Bug #47876 Apparent hang in fsync()
Submitted: 6 Oct 2009 20:14 Modified: 14 Oct 2009 23:11
Reporter: Roel Van de Paar Email Updates:
Status: Not a Bug Impact on me:
None 
Category:MySQL Server: General Severity:S2 (Serious)
Version:5.1.39 OS:Linux (Fedora Linux 2.6.27.5-117.fc10.x86_64)
Assigned to: CPU Architecture:Any

[6 Oct 2009 20:14] Roel Van de Paar
Description:
Resolved stacktrace attached which should show the issue.

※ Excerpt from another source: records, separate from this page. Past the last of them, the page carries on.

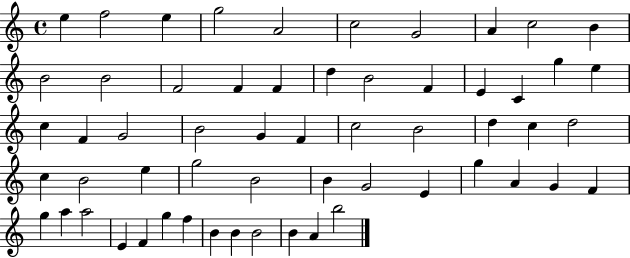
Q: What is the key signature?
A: C major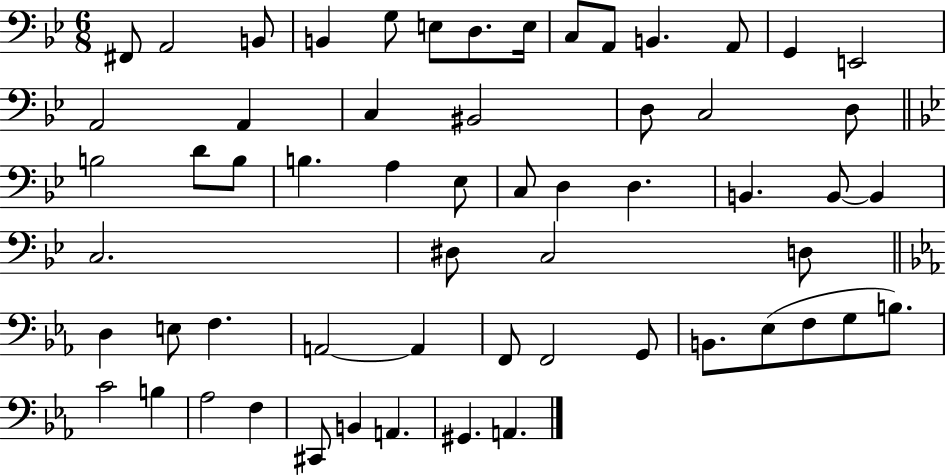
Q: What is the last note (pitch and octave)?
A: A2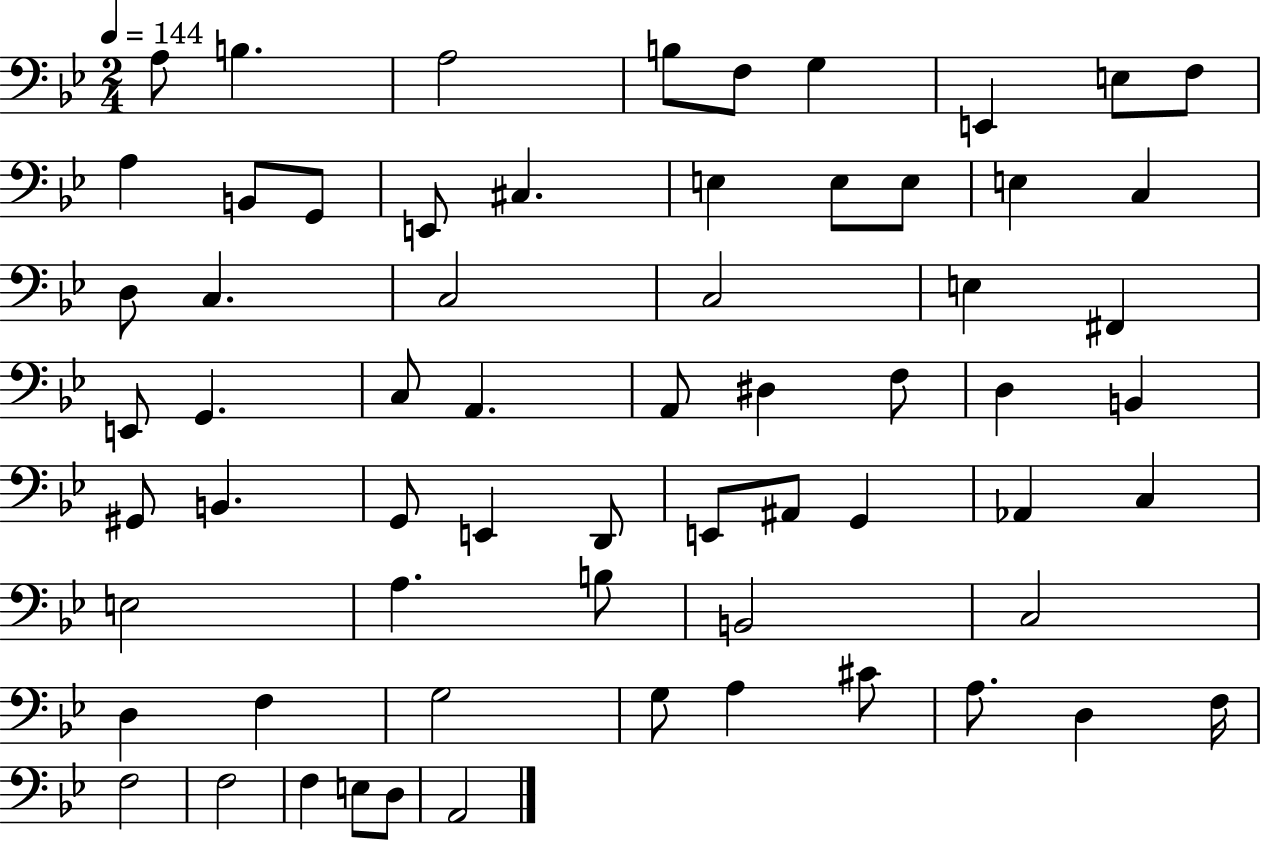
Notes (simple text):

A3/e B3/q. A3/h B3/e F3/e G3/q E2/q E3/e F3/e A3/q B2/e G2/e E2/e C#3/q. E3/q E3/e E3/e E3/q C3/q D3/e C3/q. C3/h C3/h E3/q F#2/q E2/e G2/q. C3/e A2/q. A2/e D#3/q F3/e D3/q B2/q G#2/e B2/q. G2/e E2/q D2/e E2/e A#2/e G2/q Ab2/q C3/q E3/h A3/q. B3/e B2/h C3/h D3/q F3/q G3/h G3/e A3/q C#4/e A3/e. D3/q F3/s F3/h F3/h F3/q E3/e D3/e A2/h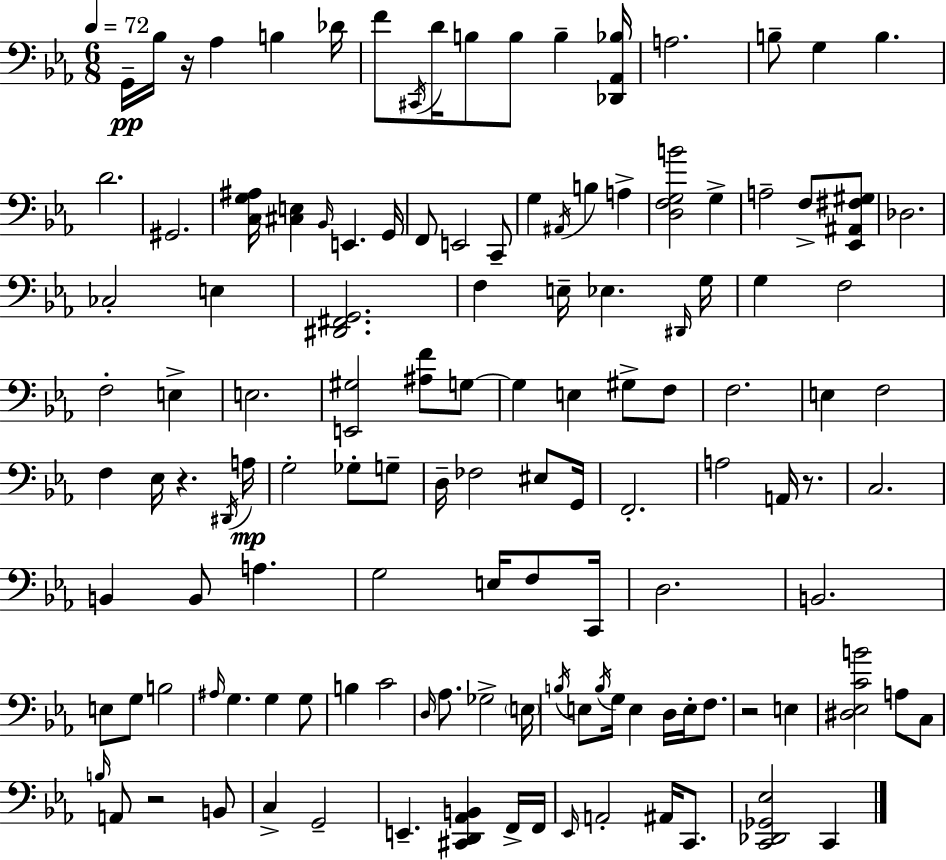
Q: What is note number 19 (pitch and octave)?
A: E2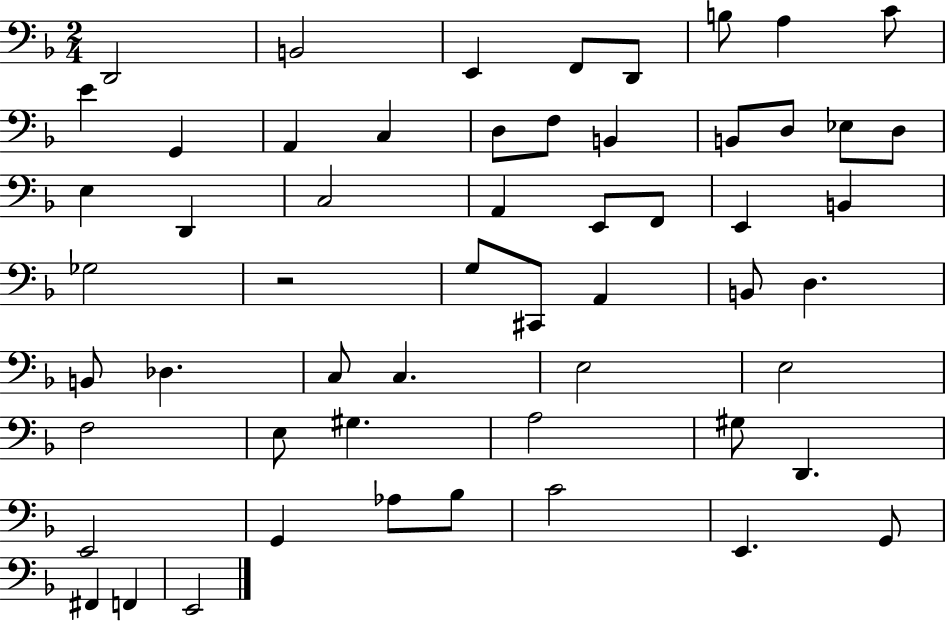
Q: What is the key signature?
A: F major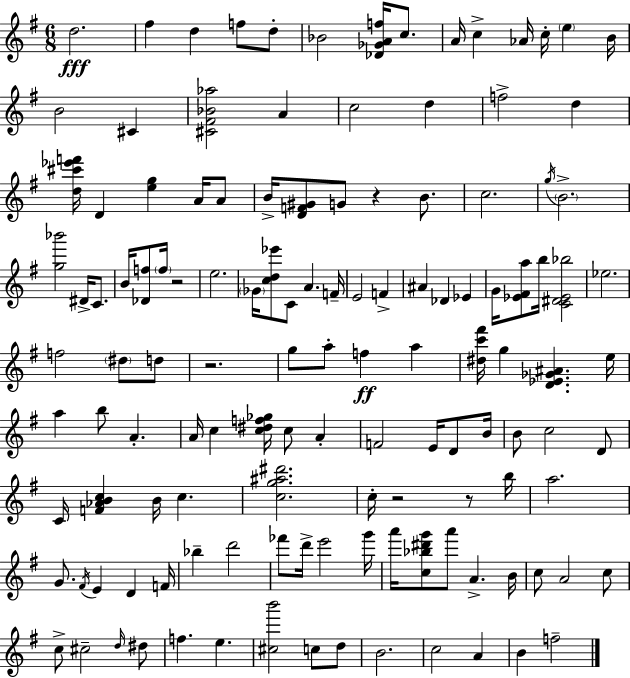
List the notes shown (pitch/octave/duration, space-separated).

D5/h. F#5/q D5/q F5/e D5/e Bb4/h [Db4,Gb4,A4,F5]/s C5/e. A4/s C5/q Ab4/s C5/s E5/q B4/s B4/h C#4/q [C#4,F#4,Bb4,Ab5]/h A4/q C5/h D5/q F5/h D5/q [D5,C#6,Eb6,F6]/s D4/q [E5,G5]/q A4/s A4/e B4/s [D4,F4,G#4]/e G4/e R/q B4/e. C5/h. G5/s B4/h. [G5,Bb6]/h D#4/s C4/e. B4/s [Db4,F5]/e F5/s R/h E5/h. Gb4/s [C5,D5,Eb6]/e C4/e A4/q. F4/s E4/h F4/q A#4/q Db4/q Eb4/q G4/s [Eb4,F#4,A5]/e B5/s [C4,D#4,Eb4,Bb5]/h Eb5/h. F5/h D#5/e D5/e R/h. G5/e A5/e F5/q A5/q [D#5,C6,F#6]/s G5/q [D4,Eb4,Gb4,A#4]/q. E5/s A5/q B5/e A4/q. A4/s C5/q [C5,D#5,F5,Gb5]/s C5/e A4/q F4/h E4/s D4/e B4/s B4/e C5/h D4/e C4/s [F4,Ab4,B4,C5]/q B4/s C5/q. [C5,G5,A#5,D#6]/h. C5/s R/h R/e B5/s A5/h. G4/e. F#4/s E4/q D4/q F4/s Bb5/q D6/h FES6/e D6/s E6/h G6/s A6/s [C5,Bb5,D#6,G6]/e A6/e A4/q. B4/s C5/e A4/h C5/e C5/e C#5/h D5/s D#5/e F5/q. E5/q. [C#5,B6]/h C5/e D5/e B4/h. C5/h A4/q B4/q F5/h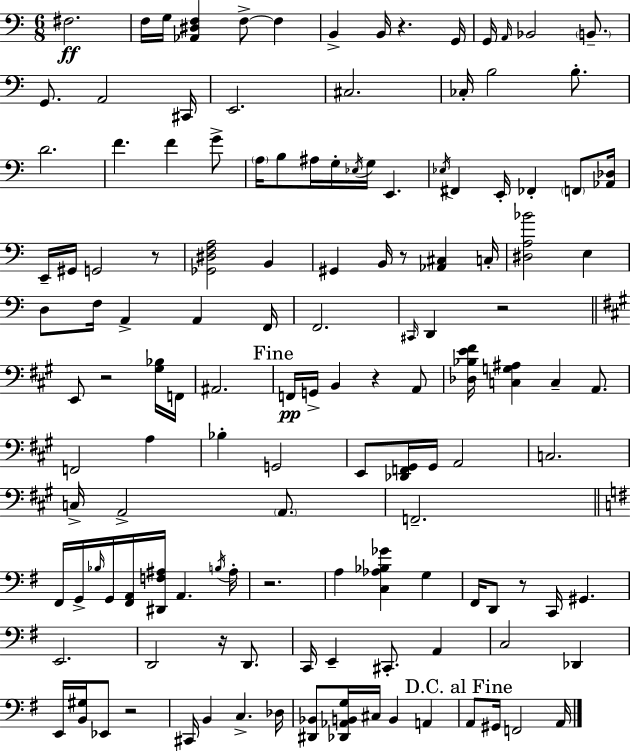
X:1
T:Untitled
M:6/8
L:1/4
K:Am
^F,2 F,/4 G,/4 [_A,,^D,F,] F,/2 F, B,, B,,/4 z G,,/4 G,,/4 A,,/4 _B,,2 B,,/2 G,,/2 A,,2 ^C,,/4 E,,2 ^C,2 _C,/4 B,2 B,/2 D2 F F G/2 A,/4 B,/2 ^A,/4 G,/4 _E,/4 G,/4 E,, _E,/4 ^F,, E,,/4 _F,, F,,/2 [_A,,_D,]/4 E,,/4 ^G,,/4 G,,2 z/2 [_G,,^D,F,A,]2 B,, ^G,, B,,/4 z/2 [_A,,^C,] C,/4 [^D,A,_B]2 E, D,/2 F,/4 A,, A,, F,,/4 F,,2 ^C,,/4 D,, z2 E,,/2 z2 [^G,_B,]/4 F,,/4 ^A,,2 F,,/4 G,,/4 B,, z A,,/2 [_D,_B,E^F]/4 [C,G,^A,] C, A,,/2 F,,2 A, _B, G,,2 E,,/2 [_D,,F,,^G,,]/4 ^G,,/4 A,,2 C,2 C,/4 A,,2 A,,/2 F,,2 ^F,,/4 G,,/4 _B,/4 G,,/4 [^F,,A,,]/4 [^D,,F,^A,]/4 A,, B,/4 ^A,/4 z2 A, [C,_A,_B,_G] G, ^F,,/4 D,,/2 z/2 C,,/4 ^G,, E,,2 D,,2 z/4 D,,/2 C,,/4 E,, ^C,,/2 A,, C,2 _D,, E,,/4 [B,,^G,]/4 _E,,/2 z2 ^C,,/4 B,, C, _D,/4 [^D,,_B,,]/2 [_D,,_A,,B,,G,]/4 ^C,/4 B,, A,, A,,/2 ^G,,/4 F,,2 A,,/4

New bug from previous discussion in bug #43758 and bug #47768 (Ricardo Gomez) about what originally looked like the same hang as the one described in the second bug (it is not).

How to repeat:
Need more information
[6 Oct 2009 20:17] Roel Van de Paar
Stacktrace

Attachment: bug_43758_resolved_stacktrace_Ricardo_Gomez.txt (text/plain), 24.56 KiB.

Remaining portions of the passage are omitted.